One of the main challenges for people with hearing loss is understanding speech in noisy surroundings. The problem is referred to as the cocktail party effect because situations where many people are talking at the same time often make it very hard to distinguish what is being said by the individual you are talking to.
Even though most modern hearing aids incorporate various forms of speech enhancement technology, engineers are still struggling to develop a system that makes a significant improvement.
PhD student Mathew Kavalekalam from the Audio Lab Analysis at Aalborg University is using machine learning to develop an algorithm that enables a computer to distinguish between spoken words and background noise. The project is done in conjunction with hearing aid researchers from GN Advanced Science and is supported by Innovation Fund Denmark.
Computer listens and learns
“The hearing centre inside our brains usually performs a string of wildly complicated calculations that enables us to focus on a single voice – even if there are many other people talking in the background,” explains Mathew Kavalekalam, Aalborg University. “But that ability is very difficult to recreate in a machine.”
Mathew Kavalekalam started out with a digital model that describes how speech is produced in a human body, from the lungs via throat and larynx, mouth and nasal cavities, teeth, lips, etc.
He used the model to describe the type of signal that a computer should ’listen’ for when trying to identify a talking voice.

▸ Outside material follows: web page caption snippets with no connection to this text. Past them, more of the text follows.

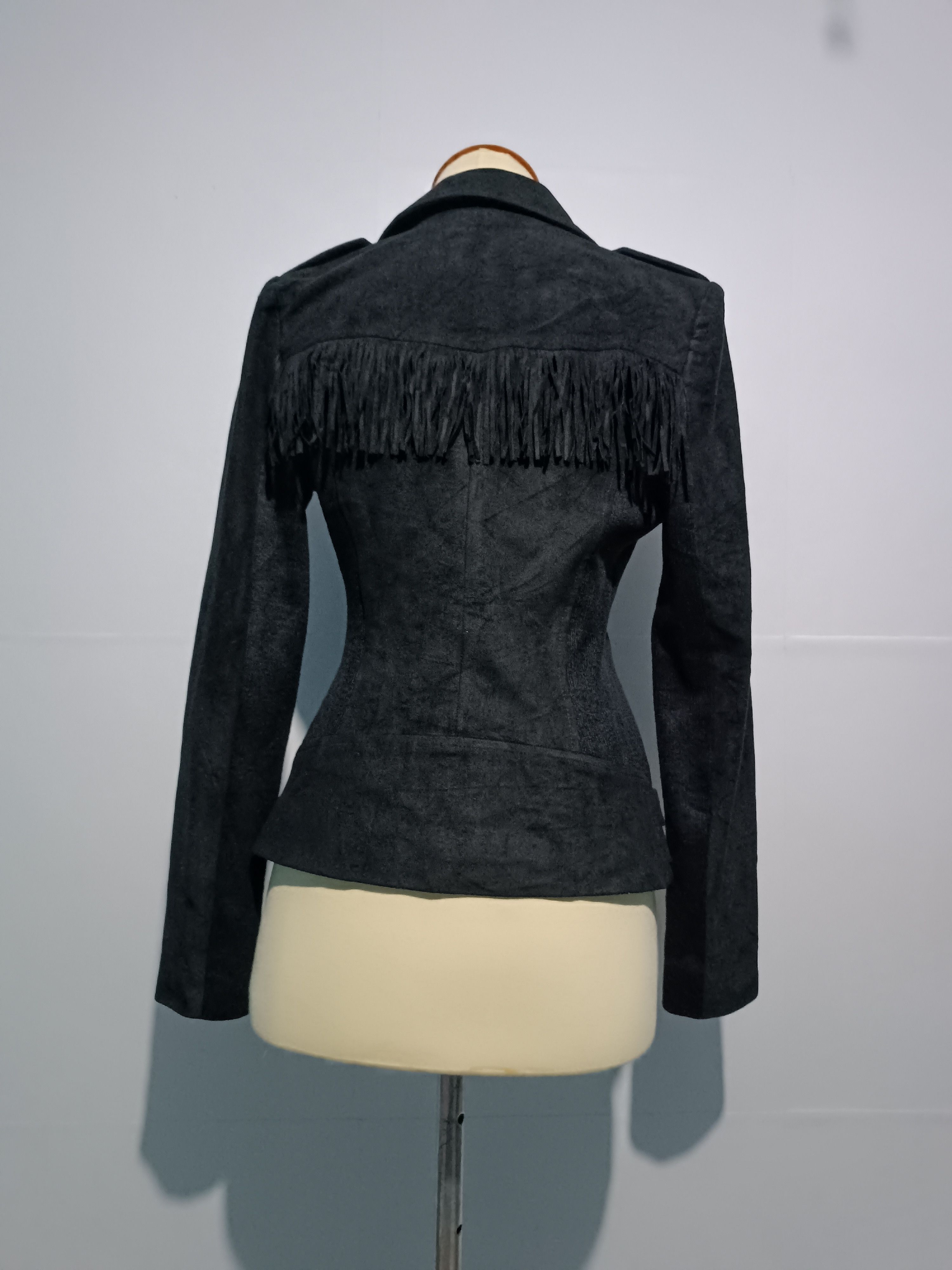 Japanese Brand Ladies Fringe Suede Leather Jacket Biker Motorcycle Size M / US 6-8 / IT 42-44 - 4 Thumbnail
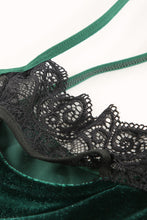 Load image into Gallery viewer, Contrast Lace Velvet Cutout Halter Neck Babydoll Set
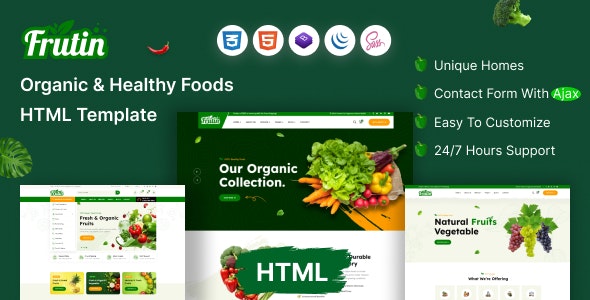 دانلود قالب HTML سوپر مارکت آنلاین Frutin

He then told the computer to start listening and learning.
Noise isn’t just noise
“Background noise differs depending on the environment, from street or traffic noise if you are outside to the noise of people talking in a pub or a cafeteria,” Mathew Kavalekalam says. “That is one of the many reasons why it is so tricky to build a model for speech enhancement that filters the speech you want to hear from the babbling you are not interested in.”
At Aalborg University Mathew Kavalekalam played back various recordings of voices talking to the computer and gradually added different types of background noise at an increasing level.
By applying this machine learning, the computer software developed a way of recognising the sound patterns and calculating how to enhance the particular sound of talking voices and not the background noise.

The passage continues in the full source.